START Source information
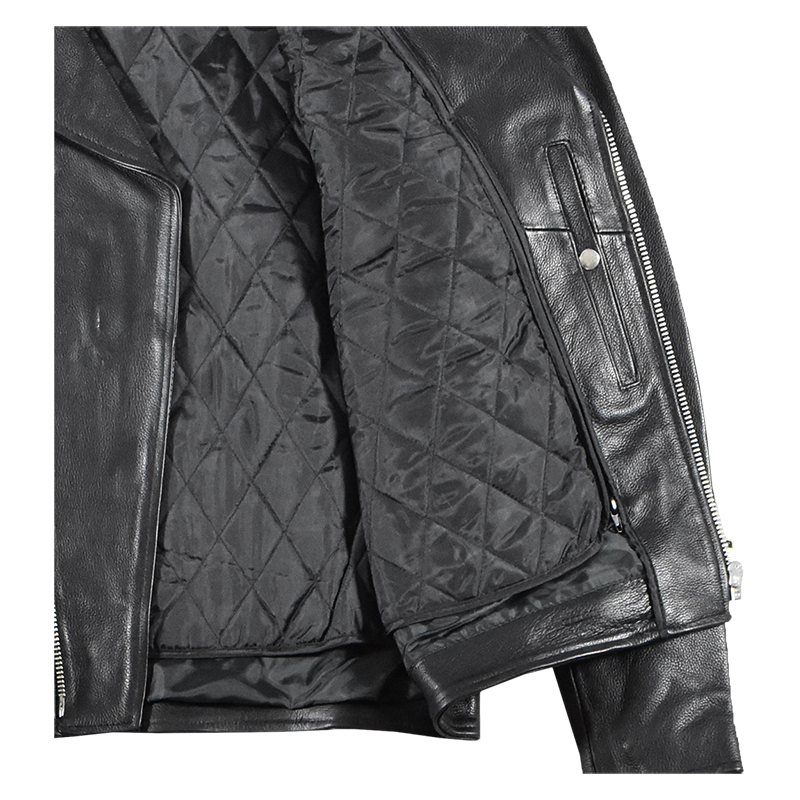 Men's Tall Classic Leather Motorcycle Jacket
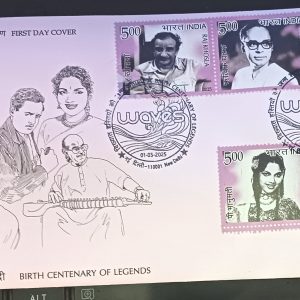 INDIA FDC 2025 - BIRTH CENTENARY OF LEGENDS - WAVES - World Audio Visual and Entertainment Summit Stamps - FIRST DAY COVER #pk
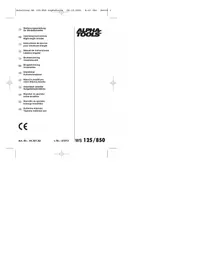 Notice Alpha Tools WS 125/850 Broyeur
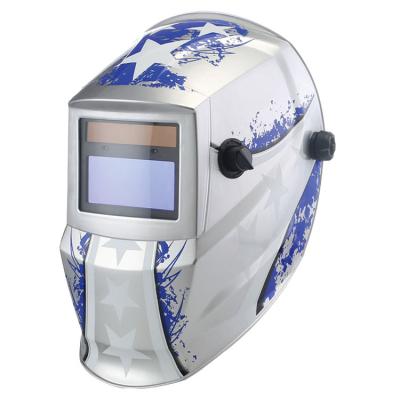 China High Quality PP Solar Powered Advanced Welding Helmet Auto Darkening Solar Energy For Welders for sale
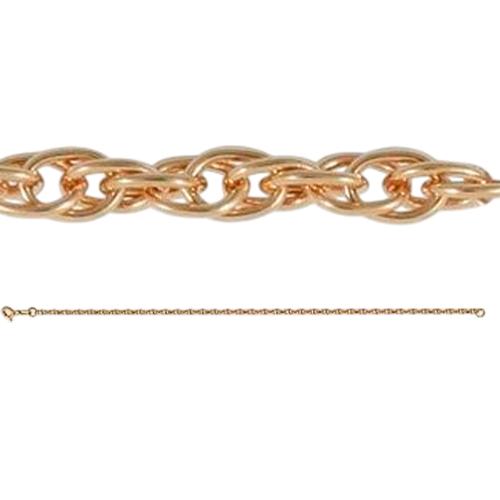 Браслет классический, красное золото 585 проба (Беларусь) — от 1012.42 руб. в сети магазинов DIAMANTE забронировать в магазине Браслет классический, красное золото 585 проба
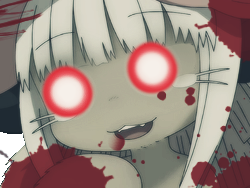 nanachi made in abyss sang fou psychopathe tare meurtre lumiere yeux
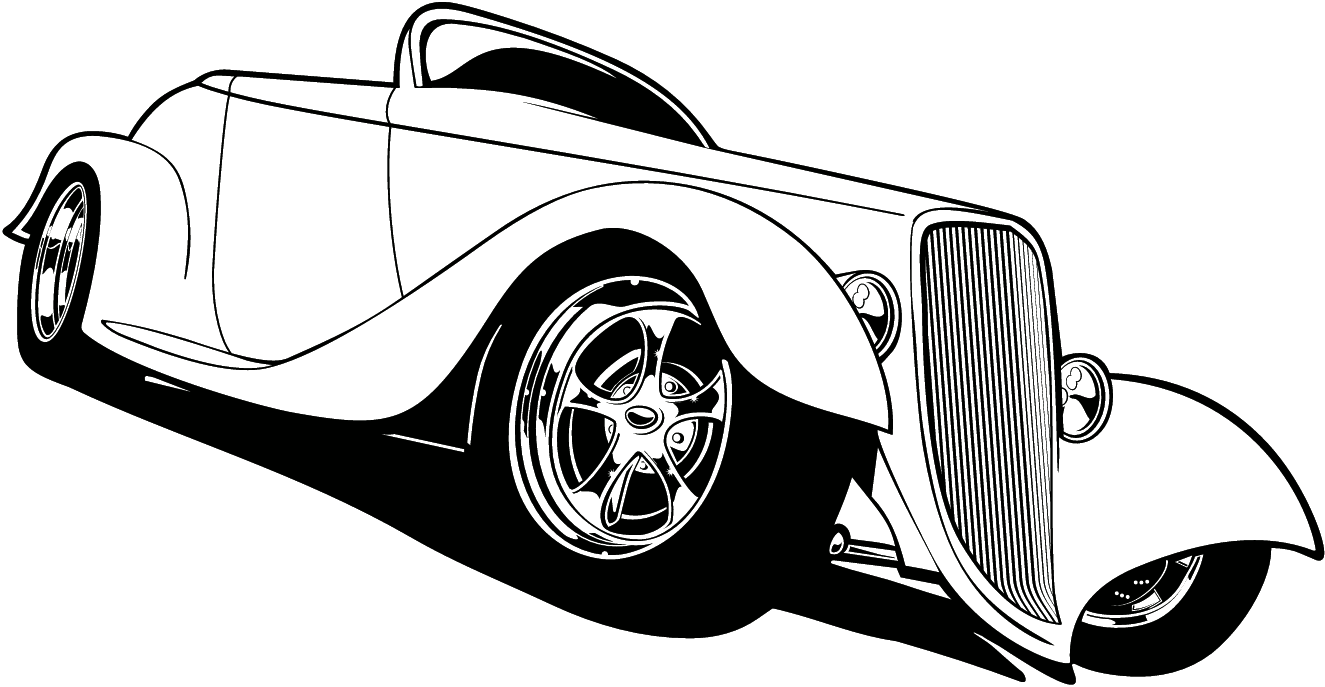 Black And White Race Car Clipart Free download on ClipArtMag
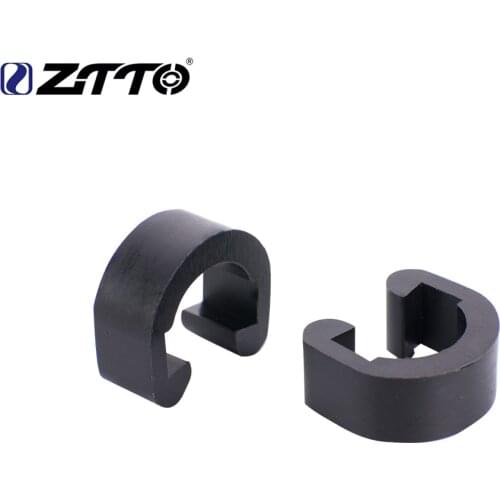 ZTTO Bicycle MTB Disc Brake Cable Set Pipe Line Deduction Transmission Pipe Plastic C type Buckle Snap Clamp for Disc Brake Hose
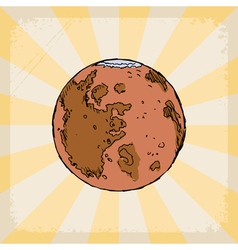 Planet Mars Royalty Free Vector Image - VectorStock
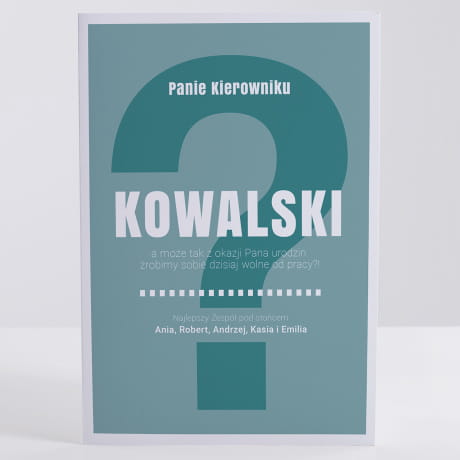 Kartka na urodziny YCZENIA DLA KIEROWNIKA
END Source information
→ Task statement
Starting at the line that contains "Planet Mars Royalty", transcribe every line through the end of the listing exactly, including both end lines and excluding pictures.

→ Response below
 Planet Mars Royalty Free Vector Image - VectorStock
 Kartka na urodziny YCZENIA DLA KIEROWNIKA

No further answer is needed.